- Directed by: Adam Irving
- Written by: Adam Irving Tchavdar Georgiev
- Produced by: Glen Zipper Adam Irving
- Starring: Darius McCollum
- Cinematography: Adam Irving
- Edited by: Adam Irving Tchavdar Georgiev
- Music by: Duncan Thum Steve Gernes
- Production company: Zipper Bros Films
- Distributed by: The Film Collaborative; Passion River Films; Journeyman Pictures; Sundance Now;
- Release dates: 7 April 2016 (Full Frame Documentary Film Festival); 4 November 2016 (US theatrical);
- Running time: 86 minutes
- Country: United States
- Language: English

= Off the Rails (2016 film) =

Off the Rails: The Darius McCollum Story is a 2016 American documentary film about Darius McCollum, a man with Asperger's syndrome who was jailed 32 times for impersonating New York City bus drivers and subway conductors and driving their routes. The film was written, directed and produced by Adam Irving. It was nominated for a 2016 Critics' Choice Documentary Award for Best First Documentary Feature.

==Synopsis==
As a boy in Queens, New York, in the 1970s, Darius McCollum found sanctuary from school bullies in the subway. There he befriended transit workers who taught him to drive trains. By age 8, he memorized the entire subway system. At 15, he took unauthorized control of a packed train and drove it eight stops by himself, making all the stops and announcements. Over the next three decades, McCollum commandeered hundreds of trains and buses, staying on route and on schedule, without ever getting paid. He attended transit worker union meetings, lobbying for better pay and working conditions for a union he didn't belong to.

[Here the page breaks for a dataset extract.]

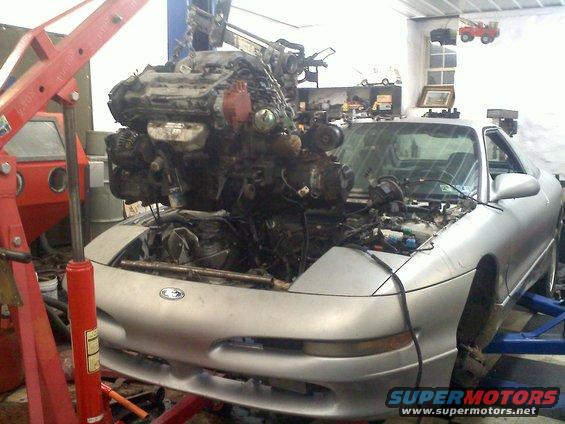 1993 Ford Probe GT with engine being lifted out by a red engine hoist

McCollum has Asperger's syndrome, a neurological disorder characterized by social impairment, repetitive behaviors, and an intense interest in one subject. Although he never damaged any property or hurt anyone, he has spent 23 years in maximum security prison for transit-related crimes. He has been arrested 32 times, most recently in November 2016.

==Background and production==
Director Adam Irving initially read about McCollum's transit-related escapades by happenstance on Wikipedia and thought it would make a good subject for a documentary. After doing more research on McCollum, Irving flew to New York to meet with Jude Domski, who wrote and produced a 2003 play about McCollum called Boy Steals Train. Domski helped Irving get in touch with McCollum, who was in jail at Rikers Island in New York. Over the next six months, Irving and McCollum exchanged about 100 letters and phone calls before Irving visited him at Rikers in March 2013. Irving directed, produced, shot and edited the film, which took three years to complete.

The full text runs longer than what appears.